僕は中学2年までを東京で過ごし、その後カナダに渡った。パフォーマーを志して20歳で東京に戻って以来11年間、プロのフリースタイルバスケットボーラーとして活動している。最初は案の定、お金のない日々が続いた。
表参道のパーティー。高価な服に身を包んだ人たちが、主催するブランドの名に恥じない空間を作り上げている。呼ばれて来たものの「実力を見せつけて売り込まなくては」と、悶々と過ごしていた。居心地の悪さとともに、その夜は一つだけ楽しみがあった。カナダ時代から聴いていたHIFANAが出演するのだ。
ラッパーの鎮座ドープネスもゲストで登場し、その演奏に心躍った。好きなアーティストたちが目と鼻の先にいる。次第に、ただ見惚れている自分に怒りが込み上げてきた。僕はボールをカバンから取り出し、無我夢中で音の中に飛び込んでパフォーマンスした。
観客が呆気に取られる中、鎮さん(鎮座ドープネス)が、動きに合わせてフリースタイルラップをしてくれた。即興のセッションに拍手や歓声があがる。立場や職業、その場のあらゆる境界線が消え、混ざり合った瞬間だ。同時に自ら“苦手”という線を引き、塞ぎ込んでいた事に気が付く。一歩前に出る事で現状は変えられる。

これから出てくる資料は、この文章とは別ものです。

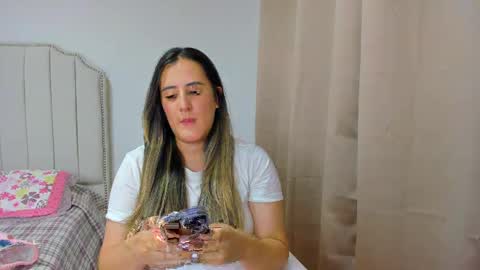 Hanna online show from November 18, 9:08 pm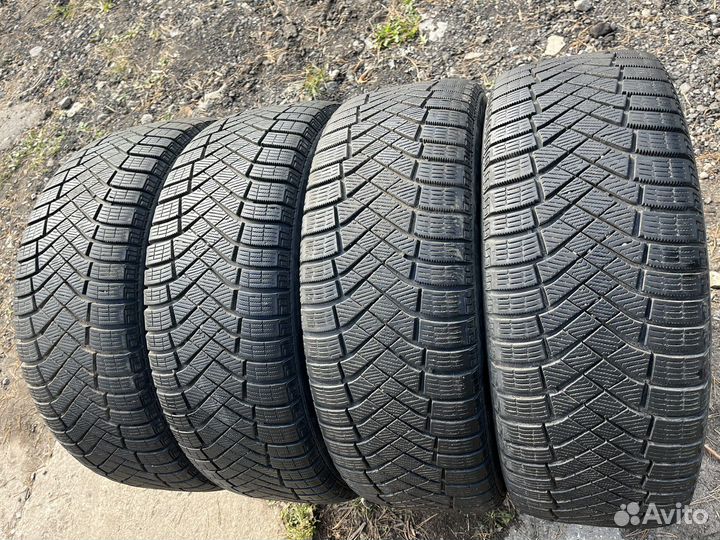 Pirelli Ice Zero FR 235/55 R19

尊敬するアーティストたちに花を持たせてもらい、原宿・表参道という街の懐の深さを知った。燻っている若者の野心を受け入れ、チャンスをくれた寛容さが、ほんの少し僕を大人にしてくれた気がした。
そんな僕は、今このエリアで様々なアーティストと共に道なき線を引き、心を弾ませている。